A good friend told me that my behavior towards you last month was inappropriate and might have made you uncomfortable. I wanted to write to apologize for my behavior. I am from [Insert what country you're from] and am still learning about how to relate to people in [Insert the country you're living in]. I come from a very different culture, but was never my intention to make you uncomfortable. Though I admire you a great deal, I won't attempt to speak to you or have any other contact with you in the future, unless you initiate it.

Sincerely,

shmikkil

Then do the following: Don't ever contact her again. Don't ask if she got the note. Don't ask if she read it. Don't wave at her at the gym. Completely ignore it. Maybe she will decide to come over and talk to you again, maybe she might be interested in more. But no matter what, you must not contact her, she must take the next step which will likely be not talking to you again.
posted by arnicae at 3:14 PM on March 4, 2011 [8 favorites]


Whether or not one person likes another is largely the result of built-in, deep seated, instinctual reaction. There is virtually no possibility that you will change that reaction by presenting further information about yourself or further expressions of heart-felt interest. Attempting to do so will only further annoy her and confirm the negative opinion that she already has. Move on; it's not the end of the world even if it seems that way at the moment.
posted by Kevin S at 4:08 PM on March 4, 2011 [2 favorites]

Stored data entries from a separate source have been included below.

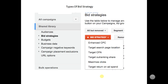The first bidding strategy is Enhanced CPC, the second one is Target Search Page Location, the third one is Target CPA, the fourth one is Target Outranking Share, the fifth one is Maximize Clicks, and the last one is Target Return on Ad Spend, which is also called ROAS — one of the most important bidding strategies. Let's check out how flexible these bidding strategies are for us.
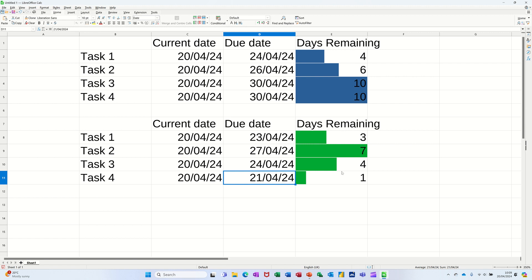So that's all I want to talk about in this little video: how you can use the TODAY function to give you a formula that will show you how many days are remaining, and then add a data bar onto that so you've got a visual. Hopefully that was useful. Thank you for your time. Don't forget to subscribe. Catch you on the next one.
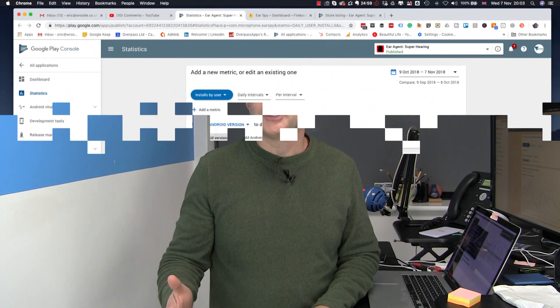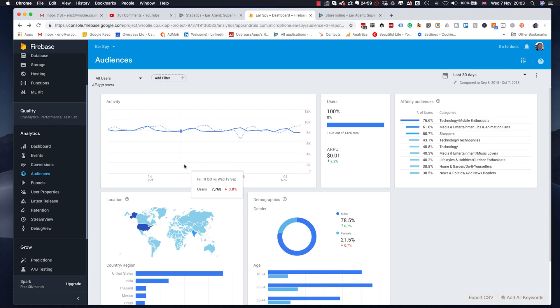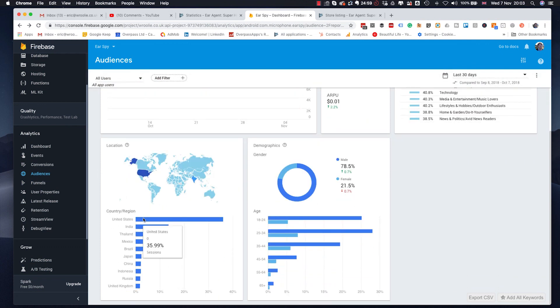Luckily we have Firebase Analytics installed, so we can go in and look at that. I think Firebase Analytics is becoming more and more important. I can go into my Firebase Analytics dashboard and look down at my demographics to see the top countries and regions.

Based on your English, your inclination to mention your profession and parents, and your intention to "ask for friendship", I think maybe you're from a South Asian background. I'm guessing, of course, and you'll get better answers if you're clearer about your own cultural background, the woman's cultural background, and the country you're currently in.

As others have mentioned, your behaviour is completely innappropriate in a western dating context. If you escalate the situation, you could be banned from your gym or have legal action taken against you. Speaking as a western woman, I don't mind a man approaches me, but if I say I'm not interested, I expect him to back off immediately. Romantic relationships can only happen with the enthusiastic consent of both parties. The woman's answer is no. There is nothing you can do to turn it into a yes -- except, perhaps, to wait and hope (privately and from a distance).

There are members of this community who can give you culturally appropriate advice about dating in a South Asian context. But my guess is that no matter where you are, this situation is not going to work out in your favour. There are cultures where shyness and minimal contact can sometimes mean maybe, possibly, ask-my-parents-and-we'll-see. But a definite no is always a definite no, and regardless of which culture you're operating in, you are being deeply disrespectful to this woman by continuing to press the issue.
posted by embrangled at 4:27 PM on March 4, 2011 [3 favorites]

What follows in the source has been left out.